In the previous article, I introduced the terraform import command as a way to import existing resources into Terraform

How to import existing infrastructure resources with Terraform

As mentioned in the summary of this article,
the import command only rewrites tfstate, so
you have to write the tf files yourself while checking the differences with tfstate.
If there are a lot of files, this will take an incredibly long time, which is a problem.

I have good news for you all:
a tool called terraformer has been released as open source software.

https://github.com/GoogleCloudPlatform/terraformer

CLI tool to generate terraform files from existing infrastructure (reverse Terraform).

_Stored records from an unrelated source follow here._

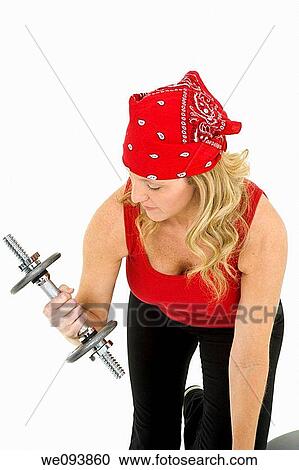 Caucasian woman in early 40s lifting weights using a dumbbell on a white background View Large Photo Image Stock Image - Caucasian woman in early 40s lifting weights using a dumbbell on a white background. Fotosearch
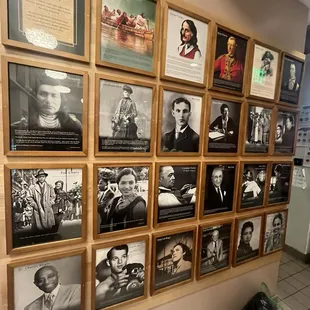 a wall of framed photographs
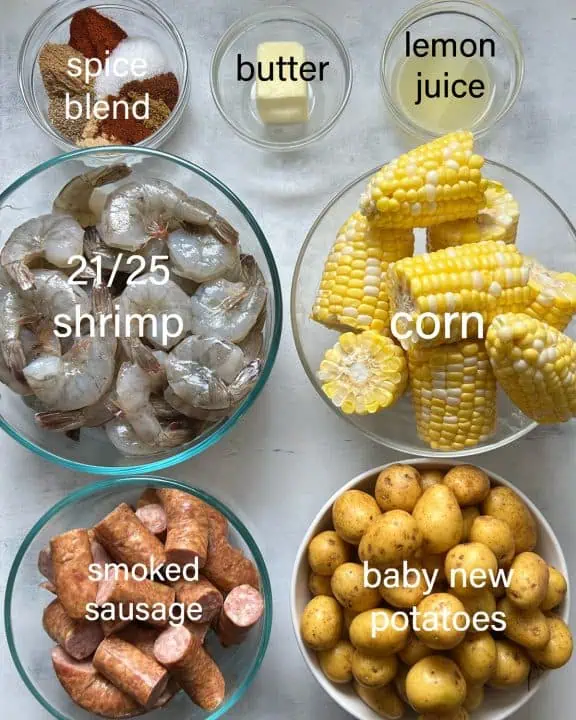 Ingredients for Instant Pot shrimp boil on white distressed background.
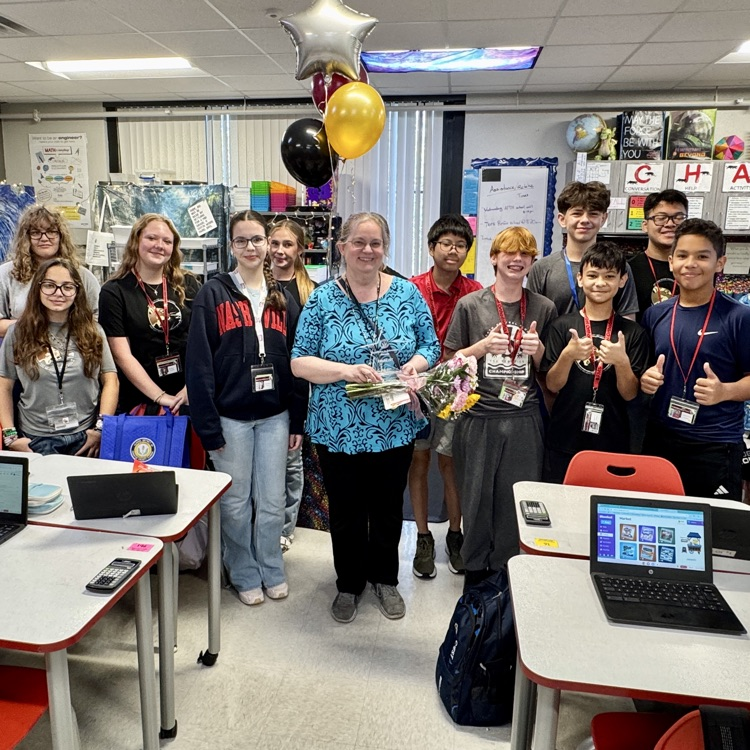 A teacher of the year finalist smiling with her students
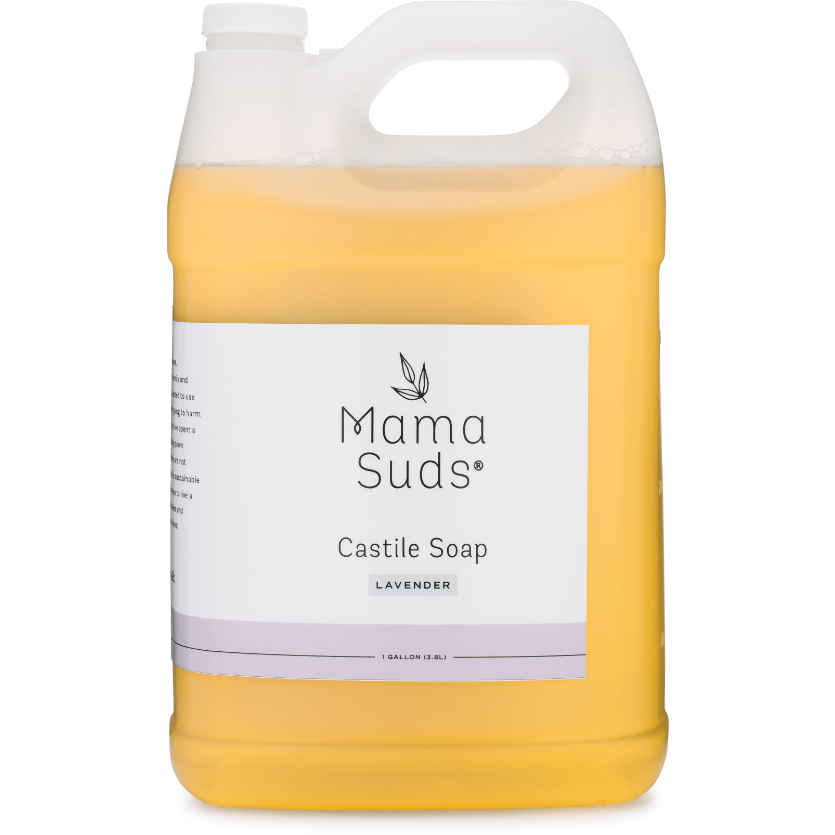 A gallon jug of MamaSuds Castile Liquid Soap in lavender, made with pure essential oils. Features a white label with black text, top handle, and contains light yellow all-purpose cleaning soap.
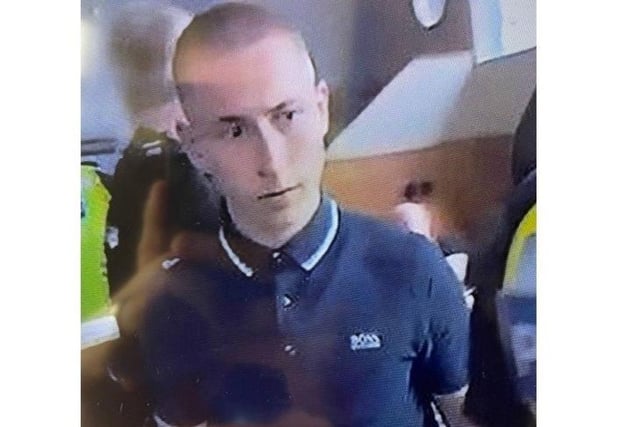 The seventh man was a white man in his 20s with very short light-coloured hair. He was wearing a dark coloured Hugo Boss polo shirt. Photo from Sussex Police. SUS-211215-175616001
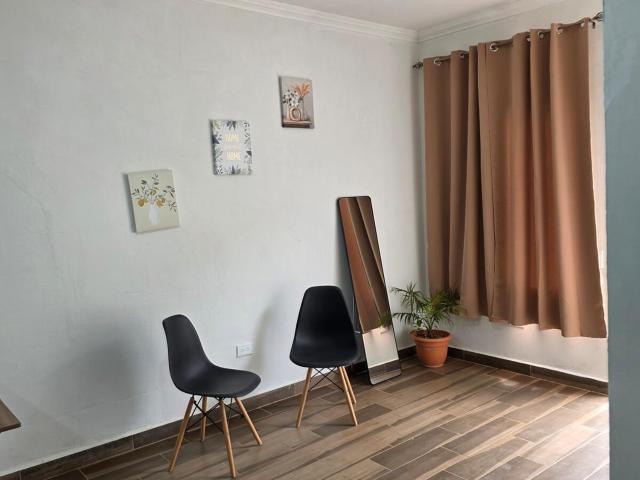 Room in a residential complex across from the airport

Infrastructure to Code

As described above, it appears to be a CLI tool that automatically generates Terraform files from existing infrastructure.
Instructions for use are also available on Github, so let's try it out.

install

On Mac, you can install it using the brew command

$ brew install terraformer $ terraformer version Terraformer v0.8.7

So far so simple.
We'll use v0.8.7.

Infrastructure Configuration

I created the infrastructure to be imported in advance using terraformer

https://github.com/beyond-teraoka/terraform-aws-multi-environment-sample

Configuration diagram

I have three environments in the same AWS account

  1. develop
  2. production
  3. manage

Additionally, each environment has the following resources:

  1. VPC
  2. Subnet
  3. Route Table
  4. Internet Gateway
  5. NAT Gateway
  6. Security Group
  7. VPC Peering
  8. EIP
  9. EC2
  10. ALB
  11. RDS

Although not shown in the diagram, the resources for each environment are tagged with an Environment tag,
with values ​​set to dev, prod, and mng, respectively.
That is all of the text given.